Do you ever find yourself struggling to do what you want to do? Do you regularly fail to honor commitments to yourself? Do you frequently second guess yourself or decide when the designated writing, grading, editing, recording, you-name-it time arrives, the time is actually better suited for something else?
If so, try this Double D approach, which separates any project into two modes—deciding and doing.
Imagine deciding and doing as distinctly different modes of action taken by a Decider and a Doer. The Decider and Doer could be different people but that is NOT necessary.
You can perform BOTH roles but at different times. You will discover the Double D approach works best when:
- Decider and Doer roles remain distinct
- Decider and Doer TRUST the other to do the assigned job
- Roles are performed alternately—Decider-Doer-Decider-Doer . . .
Do all the advanced planning and preparation work for the Doer!
- Brainstorm to uncover the scope and component parts of the project
- Create lists and notes to aid the Doer
- Compile a list of resources, tools, materials, and/or people the Doer will need to have or consult
- Arrange the identified parts into some order that makes sense to the Doer
- Choose a block of time for the Doer to work
- Place that information in a calendar
- Set alerts for the Doer
- Flag the first task for the Doer to begin with.
The Decider is not all knowing.
Early efforts will include missing parts, incomplete lists & notes & resources. The Decider often estimates. The Decider depends on feedback from the Doer.

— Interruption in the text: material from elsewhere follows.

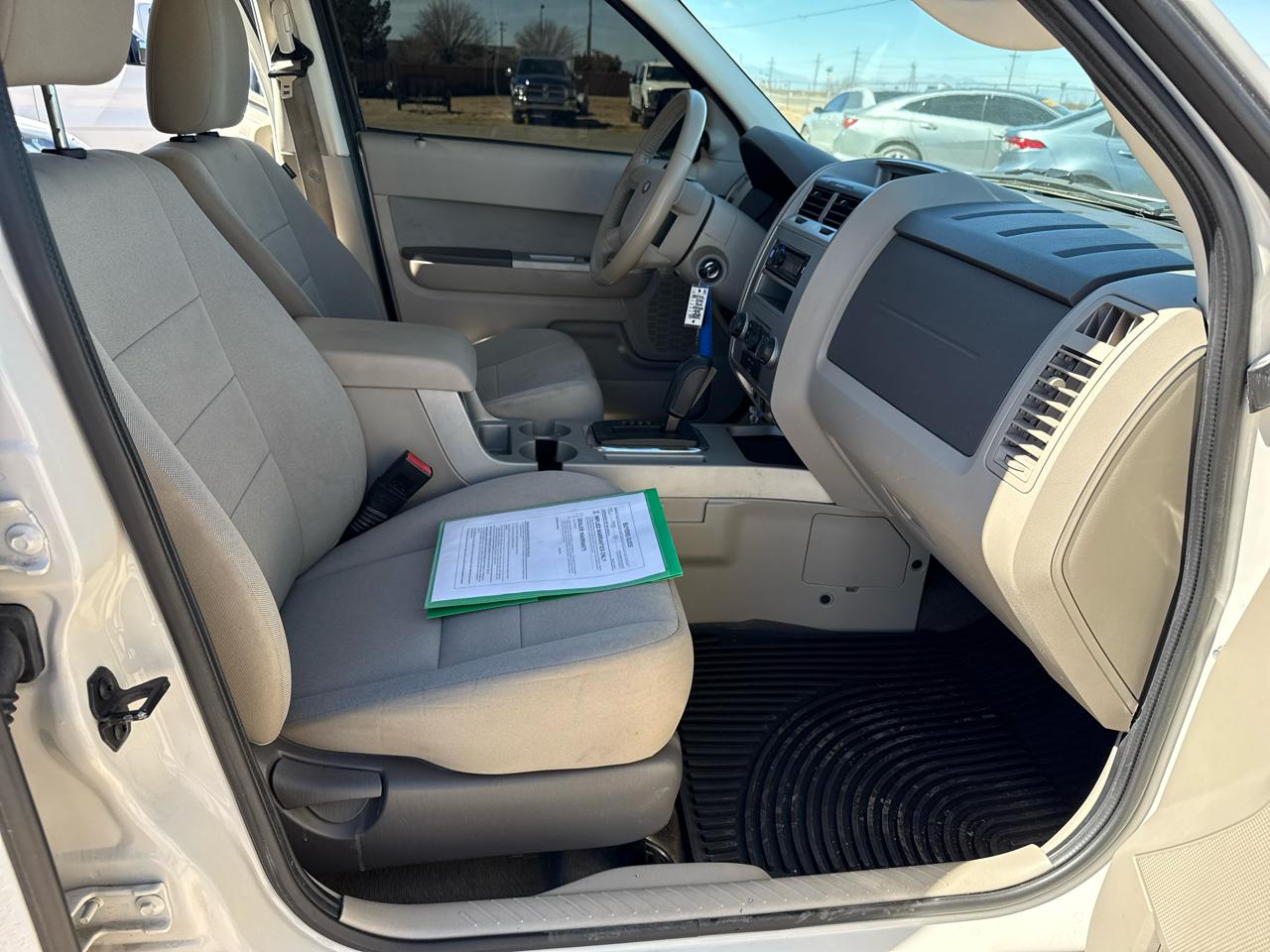 Ford Escape 4WD 4dr XLT 2010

After each session, the Doer’s feedback will assist the Decider in refining the process, improving the time estimates, expanding and clarifying the project parts, and improving the order of execution.
Doer’s Job: Direct and Simple
Execute the Decider’s plan.
- Executing may require significant skill but it does not involve deciding what to do, deciding what steps are needed, deciding when to do each step, deciding what order of execution is ideal or deciding when to start. The Decider did all of this ahead of time and provided it for the Doer. The Decider made visible the parts or steps, the order, the timeframe, and the start date and time
- Trust the Decider and follow the plan even if significant doubts surface. The Doer will have many opportunities to educate and help the Decider improve.

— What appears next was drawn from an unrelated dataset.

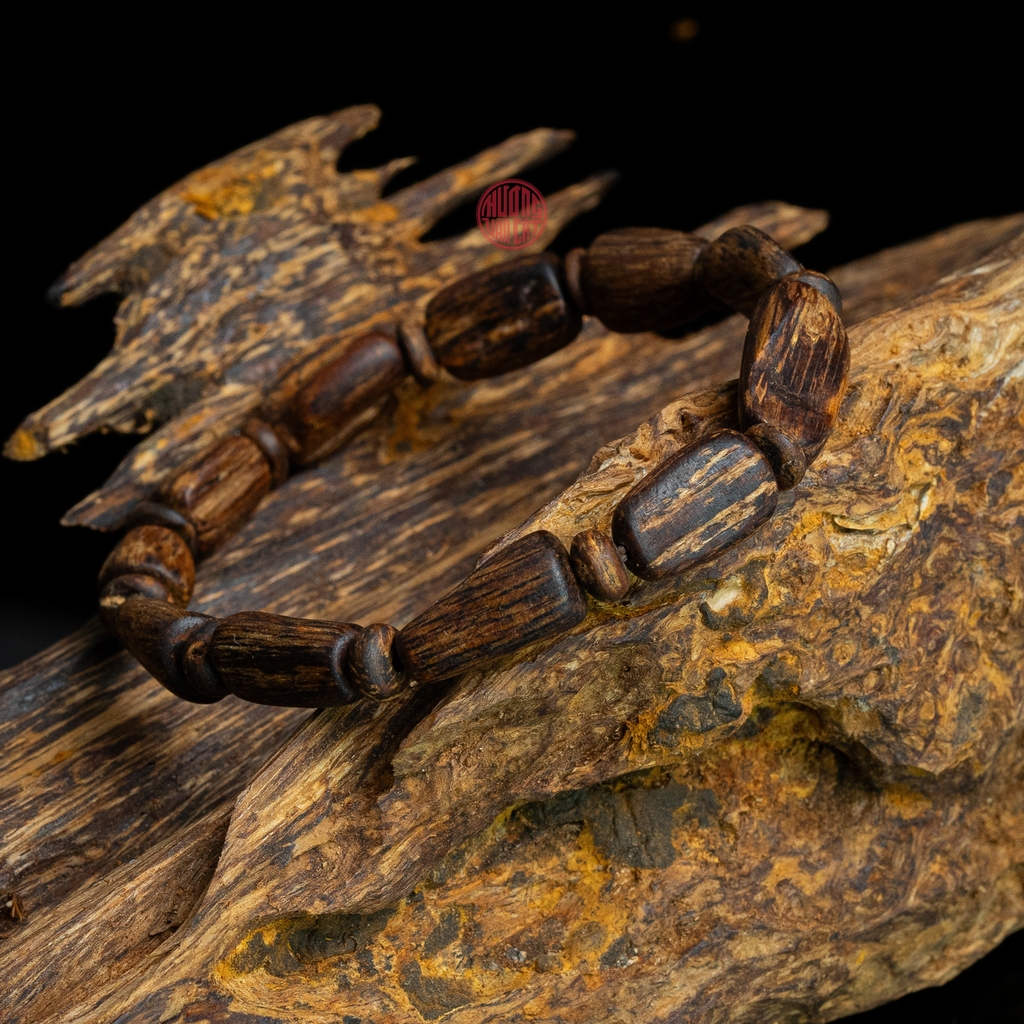 Vòng tay Trầm Hương cận chìm dạng hạt tự nhiên Hiếm ( size nữ )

- Create feedback for the Decider. What did you do? What worked well and what did not? What resources, materials, people, and/or knowledge is needed for the next round?
- Take shortcuts, get distracted while brainstorming or seeking resources, and not write things down. The Decider may greatly overestimate or underestimate the times needed for each step, completely guess at the order of the steps, choose random, rather than carefully considered, times for the Doer to start. These are all OK! It is FAR better for the Decider to yield to these temptations rather than to do nothing.
- Do nothing or expect the Doer to also be the Decider. That is unacceptable! After the initial session, the Decider will need to take the Doer’s feedback, refine each stage of the plan, provide the Doer with all the updates and flag the first next task for the Doer’s next session.
Doubt the Decider, declare the plan wrong, and complain that it could be more efficient, more complete, and certainly more helpful. The Doer may hate the start date and time while imagining such better things to do at this time.
Ignore the plans. But the Doer is not the Decider and must instead use all strategies necessary to execute the plan.
Skip the feedback. The time and place for complaining and improving is with the feedback notes. These are ESSENTIAL for the Decider to make progress.
Building integrity with yourself comes from consistently doing what you decide to do. Make the challenge easier by deciding ahead of time. Create time, even small amounts of it, for planning and deciding what’s next. Choose a date, time, and first task. When the date and time arrive DO the first task! Take note of what worked, what didn’t, and what you learned during the working session. Then refine your next plans accordingly.
The Double D approach simply makes it tangible, visible, and fun!